The focus of this study was to characterize Zmat2 genes in mammals by analyzing data available in genomic and gene expression repositories, and to place these findings in an evolutionary context. Prior to this and to our recent report (Baral K, Rotwein P: The story of ZMAT2: a highly conserved and understudied human gene, manuscript submitted), there had been no publications on ZMAT2/Zmat2 genes from any species, despite the significance of the protein in the fundamentals of eukaryotic pre-RNA splicing [12, 14]. Our main observations here have included, first, demonstrating that 6-exon Zmat2 is a single-copy gene in all mammals studied, except for opossum, in which a gene duplication event occurring after the divergence of monotremes from other marsupials ~ 80 Myr ago [15, 26] has led to paired tandem Zmat2 genes (Fig. 4). Second, we have elucidated the presence of Zmat2 pseudogenes in at least ten different mammalian species, have demonstrated that they are not transcribed in a context in which authentic Zmat2 is expressed (Table 4, Figs. 5 and 6) and have shown that they appear to have arisen recently in these genomes (Fig. 5e); and third, we have found that the ZMAT2 protein is highly conserved among mammals (Table 5, Fig. 7). Importantly, our data demonstrate that a strategy involving the focused and complementary examination of genomic and gene expression databases can lead to new insights about mammalian biology and gene evolution, and illustrate how investigating unstudied genes can lead to the development of new experimentally-testable hypotheses.

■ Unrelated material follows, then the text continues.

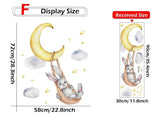Bunny Swinging On The Moon Wall Decals - Fansee Australia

The Zmat2 gene and pseudogenes in mammals
The data described and examined here define Zmat2 as a 6-exon gene in 18 different mammalian species representing 9 orders (Tables 2, 3, Figs. 3, 4). They are thus very similar to their human and non-human primate orthologs in terms of both gene organization and the encoded ZMAT2 protein (Baral K, Rotwein P: The story of ZMAT2: a highly conserved and understudied human gene, manuscript submitted), supporting the idea that the protein plays a conserved and potentially essential role in pre-RNA splicing and possibly in keratinocyte differentiation (see below).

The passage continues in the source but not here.